En tout, dans huit départements du pays essentiellement localisés au nord-nord-est, quatorze lycées, dix-sept collèges, vingt-neuf écoles élémentaires ont été construits pour un total de 7,9 millions d’euros dont 5,3 financés par le Paisd et 2,6 millions levés par la diaspora. Le coordonnateur du Paisd estime que dans la continuité, c’est le défi de l’enseignement supérieur qui s’impose au PAISD. ‘‘Avec le renforcement de la carte scolaire, le potentiel de 300 bacheliers devrait passer à 6000 qui ne trouveront pas forcément des perspectives dans les universités de Saint-Louis, Dakar, Thiès ou Ziguinchor. Cette formation concerne les spécificités de la région pour le renforcement de la cacapité en horticulture, élevage, machinisme agricole, maintenance...’’, explique-t-il.
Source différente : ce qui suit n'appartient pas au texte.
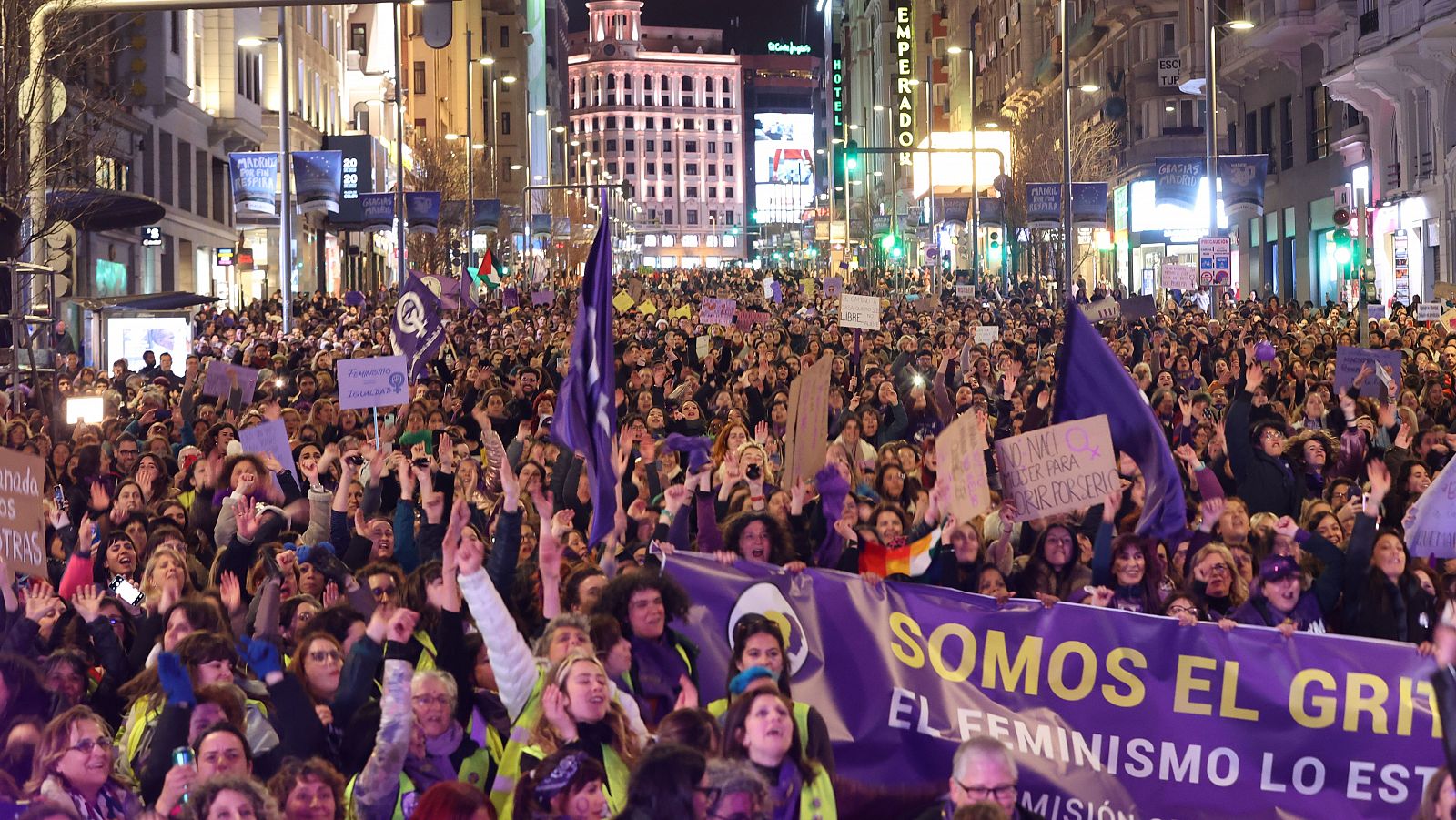 Un momento de la manifestación con motivo del 8M de 2023 en Madrid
Pape Birama Thiam, directeur technique de la coopération

‘‘On ne verse pas dans l’autosatisfaction’’

‘‘Les dix ans que nous célébrons constituent le début d’une autre vision du Paisd. On ne verse pas dans l’autosatisfaction. Le travail commence maintenant car la décennie, on la considère comme une phase-test pour voir comment s’est faite l’adhésion, comment les partenaires ont pris les choses en main, comment les choses se sont traduites sur le terrain, est-ce que la durabilité des activités a été assurée etc.

Aujourd’hui, nous avons fait le point et il s’agit de dépasser le stade du village pour aller au niveau régional en intégrant le volet territorialisation. Par exemple, l’hôpital d’Ourossogui fait office de statut régional alors qu’il est dans un état que vous ne pouvez pas imaginer. Avec les ressortissants de Matam, nous avons décidé d’en faire un hôpital d’excellence. Aujourd’hui, nous finançons les études nécessaires et chaque association issue de Matam aura apporté sa contribution et nous aussi, en apportant des partenaires en plus. Nous voulons que les 351 associations de Sénégalais qui constituent un bassin de 60 mille individus établis en France soient des actionnaires de sociétés privées de développement.’’

OUSMANE LAYE DIOP (envoyé spécial)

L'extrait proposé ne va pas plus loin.